Using Traditional and Spatial Verification Methods to Evaluate Real-Time Model Forecasts of Convection

As higher resolution numerical models, and their output of discontinuous fields like simulated reflectivity and 1-h accumulated precipitation, continue to be developed and used operationally, there is an increasing need in the research community to use newer verification techniques rather than traditional metrics, which might penalize a model twice, once for observed-but-not forecasted and once for forecasted-but-not-observed, even though the forecast might be subjectively judged a good quality forecast. Conversely, traditional metrics may overestimate the forecast accuracy and value in severe-weather forecasting applications, depending on the forecast bias and spatial scales in question. A goal of the newer verification metrics, that attempt to account for the spatial scale of the event, is to objectively compare model output data with observations much like the forecasters and scientists would do through subjective analysis.
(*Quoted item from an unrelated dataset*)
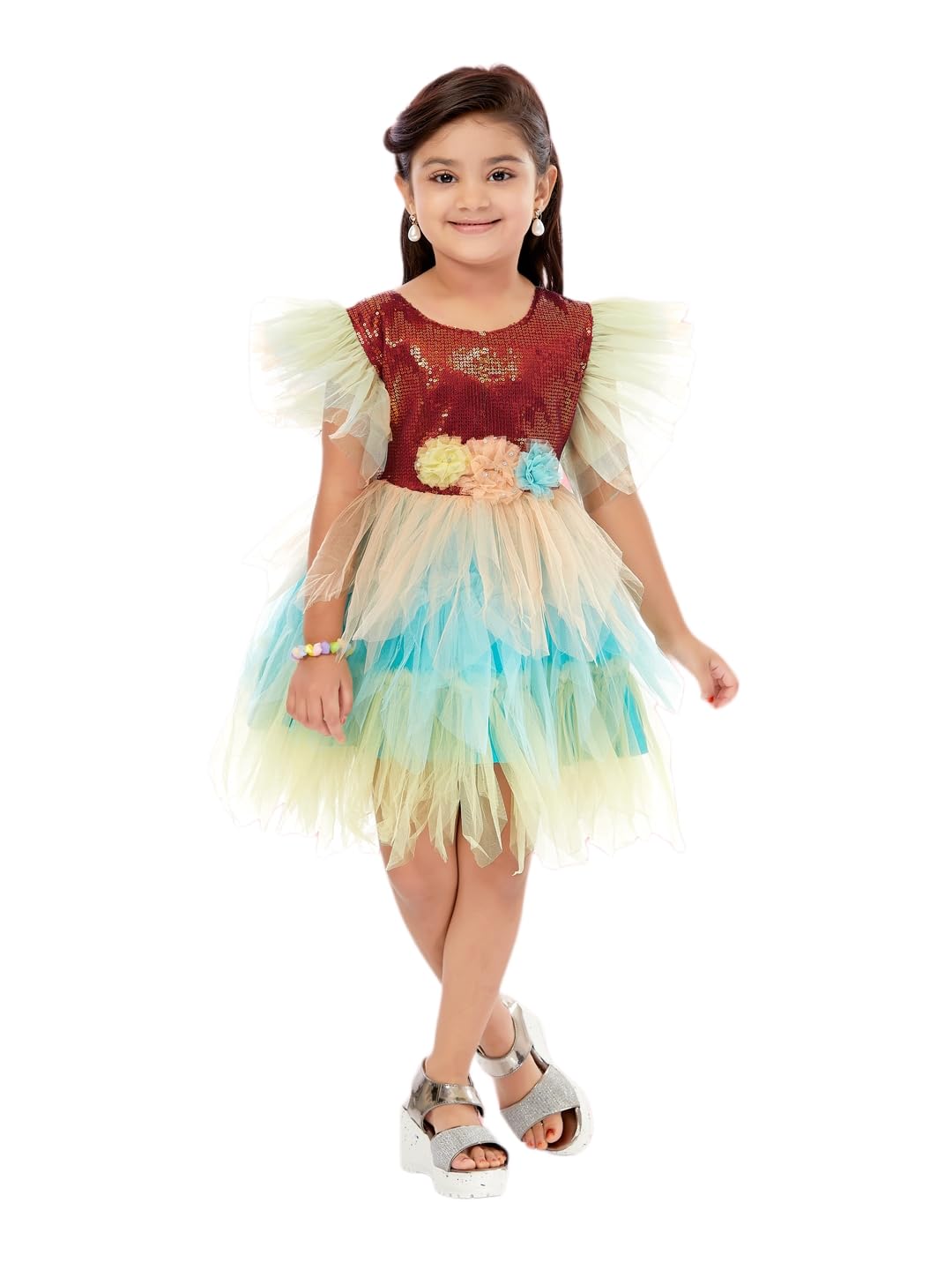 Aarika Baby-Girls Nylon Fit and Flare Knee-Length Dress (SP-FK-3015_Maroon
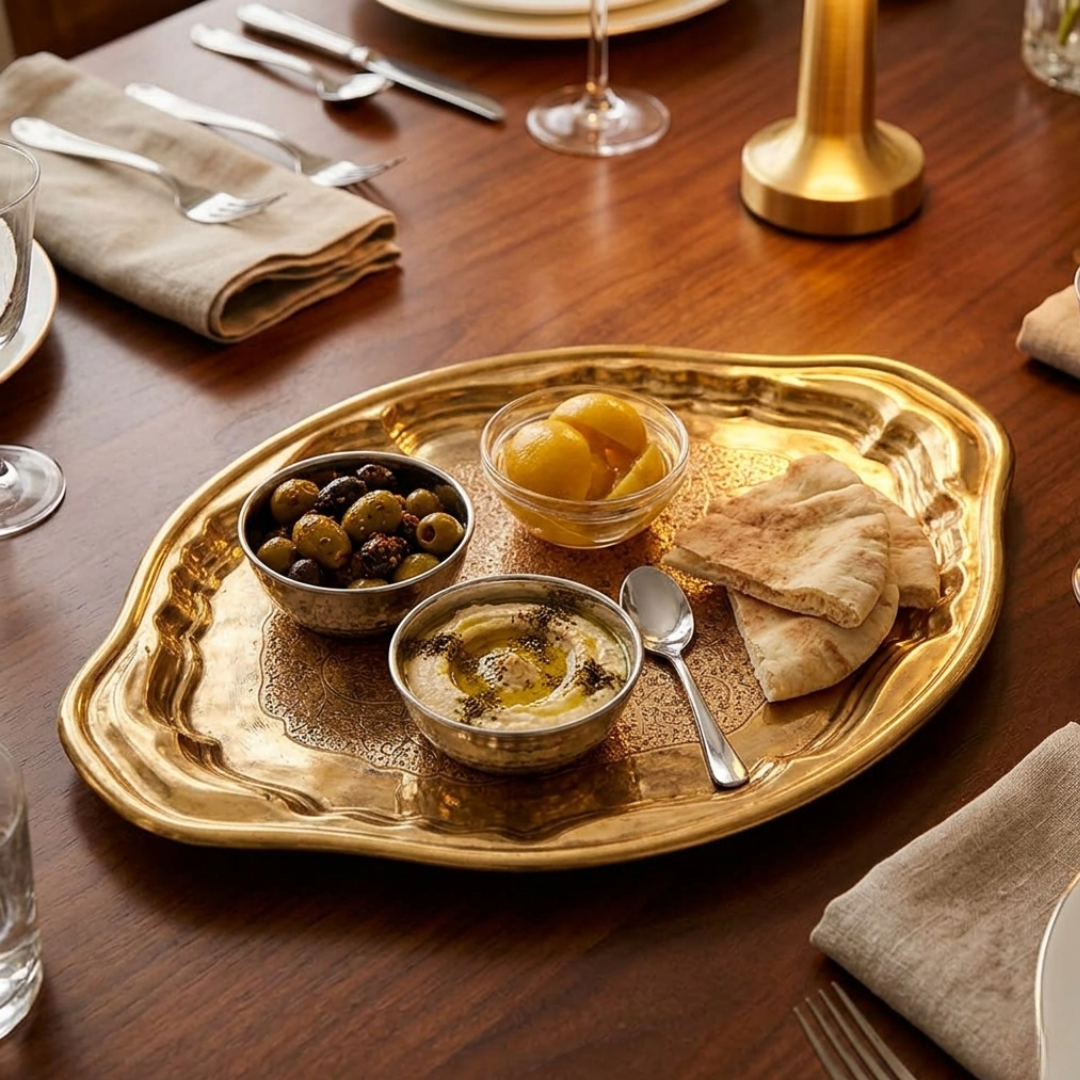 Brass Designer Serving Tray / Pital Tray - Premium Finish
This study will use both traditional verification techniques and spatial verification techniques (e.g. intensity skill score) to evaluate two parallel WRF model forecasts, one that assimilates radar data in the initial condition using a 3DVAR technique (CN) and one that simply uses the 12-km North American Mesoscale (NAM) model analysis as the initial condition (C0). These forecasts were run in real-time by the Center for Analysis and Prediction of Storms (CAPS) during the Spring of 2009 and 2010 in support of the NOAA Hazardous Weather Testbed (HWT) annual Spring Experiment and the Verification of the Origins of Rotation in Tornadoes Experiment (VORTEX-2) field program. The Spring Experiment participants noted, subjectively, that the skill that was suggested by the traditional objective metrics often seemed large compared to the skill than was perceived by the participants. For this study, both traditional and newer verification metrics that take the bias and spatial scales of the forecasts into account will be computed to characterize the spatial scales and lead times at which skill diminishes for forecasts of convection. This study will also examine the performance of the real-time 3-km High Resolution Rapid Refresh (HRRR) forecasts over the same time period in a similar manner.